Juridisch gezien spelen er in al deze zaken een aantal dezelfde vragen. Het gaat met
name om artikel 1, namelijk de jurisdictie. Wat was nou precies de rol en daarmee
ook de rechtsmacht van Rusland in dat gebied? Dat zijn heel complexe, feitelijke vragen
waarbij de juridische vraag moet worden gesteld: er is van alles gebeurd in Oost-Oekraïne
in deze periode, waaronder het neerhalen van de MH17; had Rusland daar een decisive
influence? Op welke manier werd daar naar Rusland geluisterd? Werd daarmee gewerkt?

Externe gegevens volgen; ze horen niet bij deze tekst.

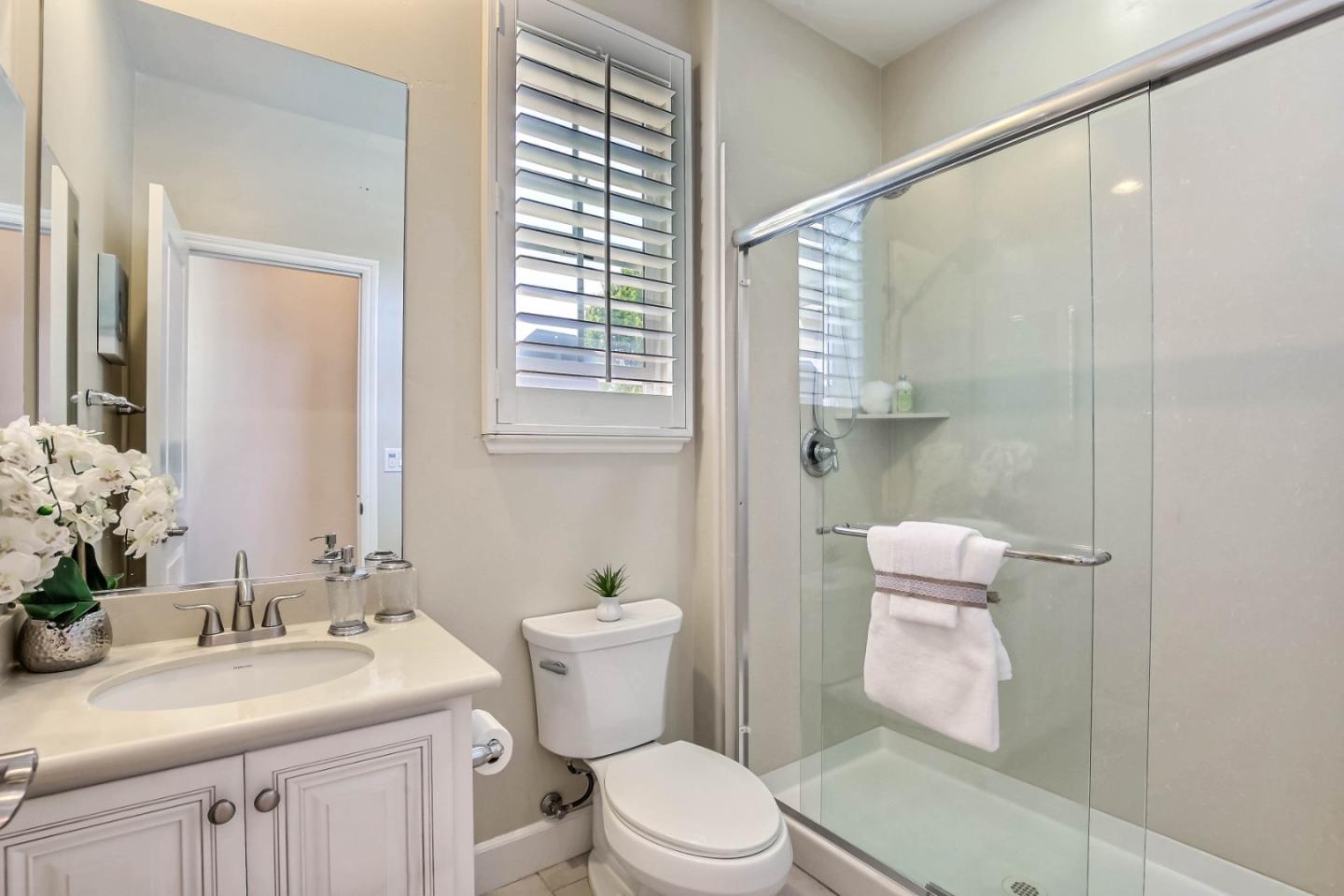 Detail Gallery Image 11 of 20 For 3263 La Rochelle Way, San Jose,  CA 95135 - 4 Beds | 3 Baths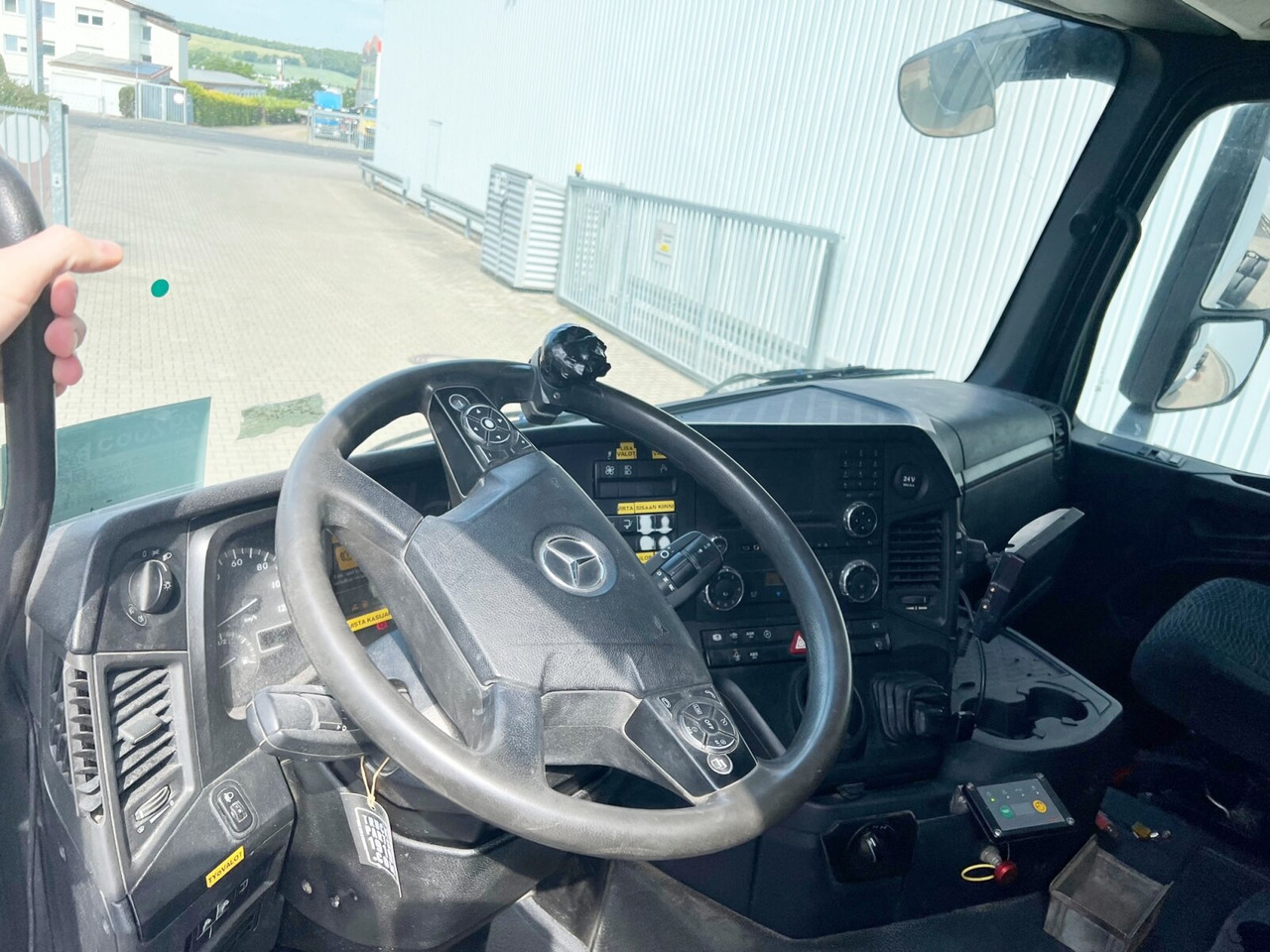 Mercedes-Benz Arocs 2642/45 K 6x4 Arocs 2642/45 K 6x4, Retarder, Motorabtrieb - Camión chasis: foto 2 Mercedes-Benz Arocs 2642/45 K 6x4 Arocs 2642/45 K 6x4, Retarder, Motorabtrieb - Camión chasis: foto 2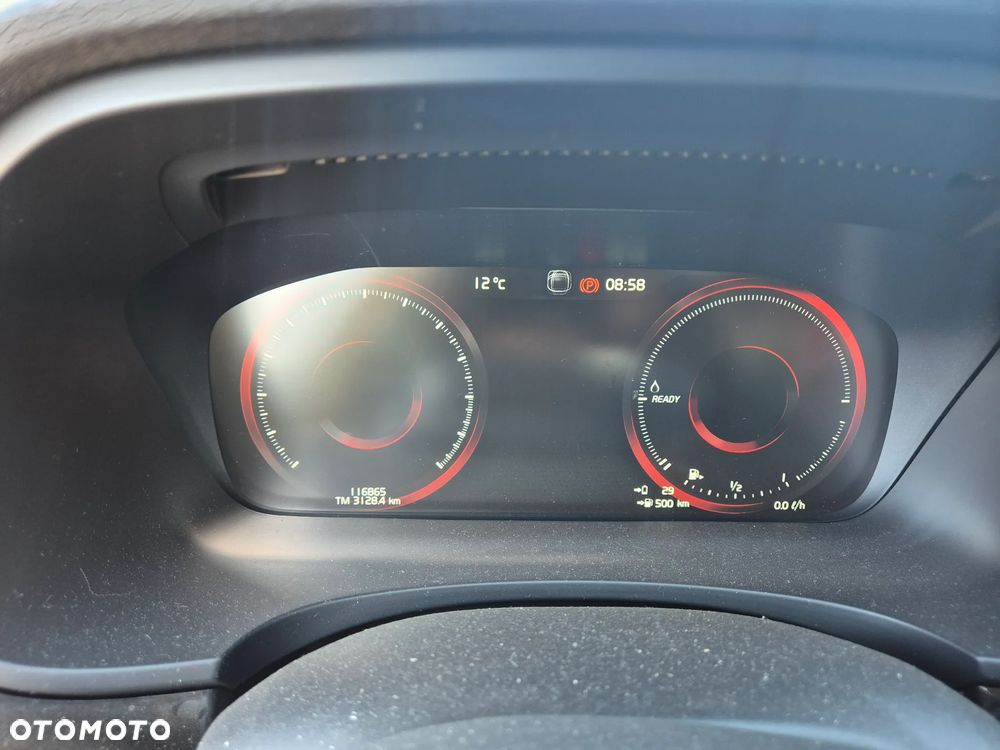 Volvo V90 T8 AWD Plug-In Hybrid Momentum - 10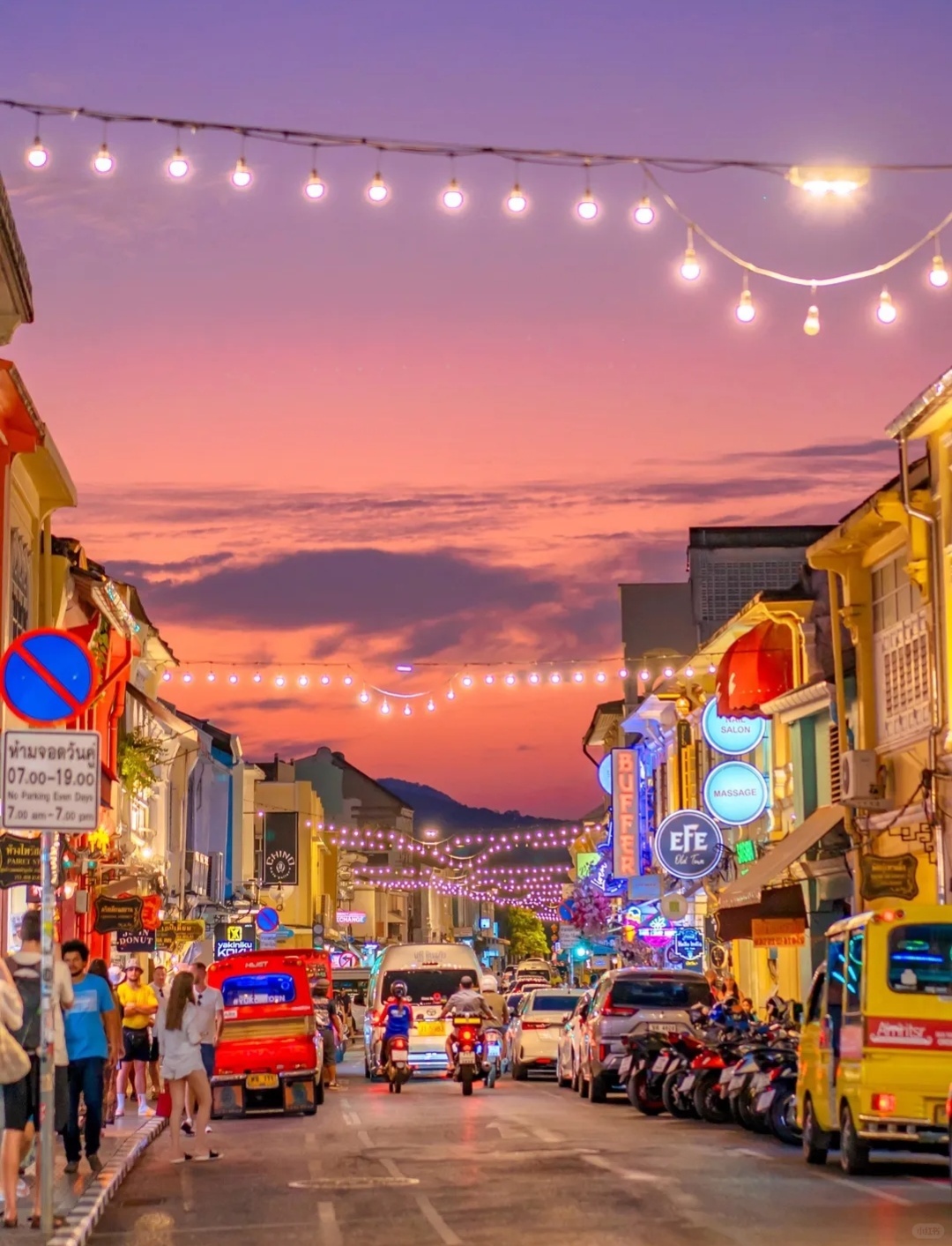 Phuket-Walking tour in Phuket Town. Visit the weekend night market, Rose Wall Cafe and Tiffany Blue House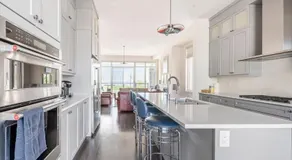 Grand Waterfront Retreat under 1hr from Toronto - Image 3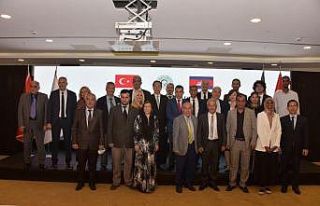 Kamboçya-Türkiye arasında ticaret ağı hızla...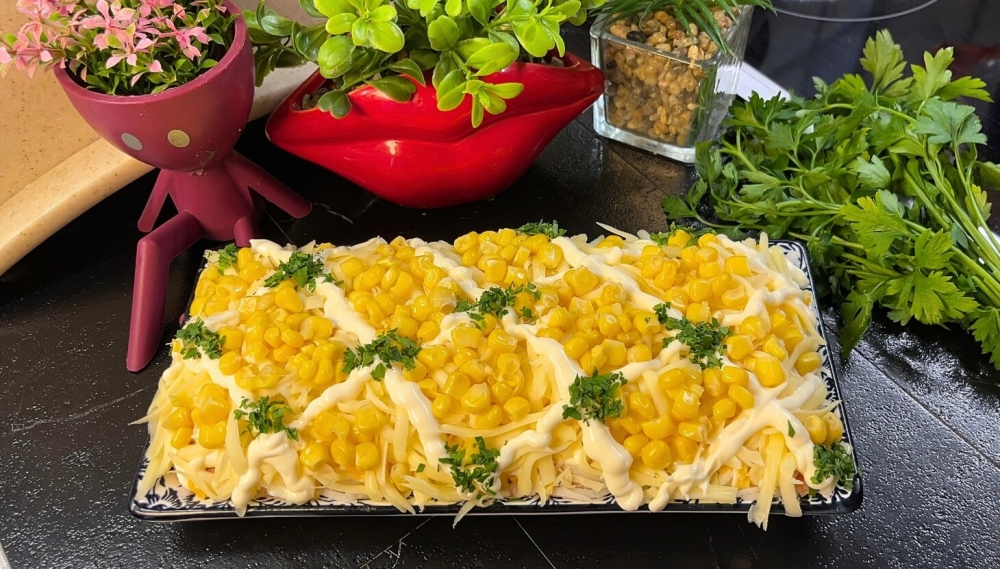 Самый воздушный салат Нежность с крабовыми палочками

Wat was precies feitelijk de verhouding tussen Rusland en de opstandelingen? Wat voor
soort steun werd er geleverd? Je ziet dat er in de beantwoording van deze vragen gewoon
een aantal punten heel erg gelijk op zullen lopen voor deze nu gevoegde zaken. En
dan zullen er een aantal specifieke gevallen worden behandeld, waaronder MH17. Wat
was namelijk exact de rol van Rusland bij het neerhalen van MH17? In hoeverre had
Rusland daar kennis van? Had het dit kunnen voorkomen? Heeft Rusland nagelaten om
onderzoek in te stellen en mee te werken met het onderzoek daartoe? Dat antwoord is
niet heel moeilijk te geven. Er zitten dus heel veel vergelijkbaarheden in.
Naast efficiëntie is er nog een ander punt. Ik kan niet in die zaken kijken, want
het Hof is niet transparant. Het blijft dus een beetje speculeren vanaf de zijlijn.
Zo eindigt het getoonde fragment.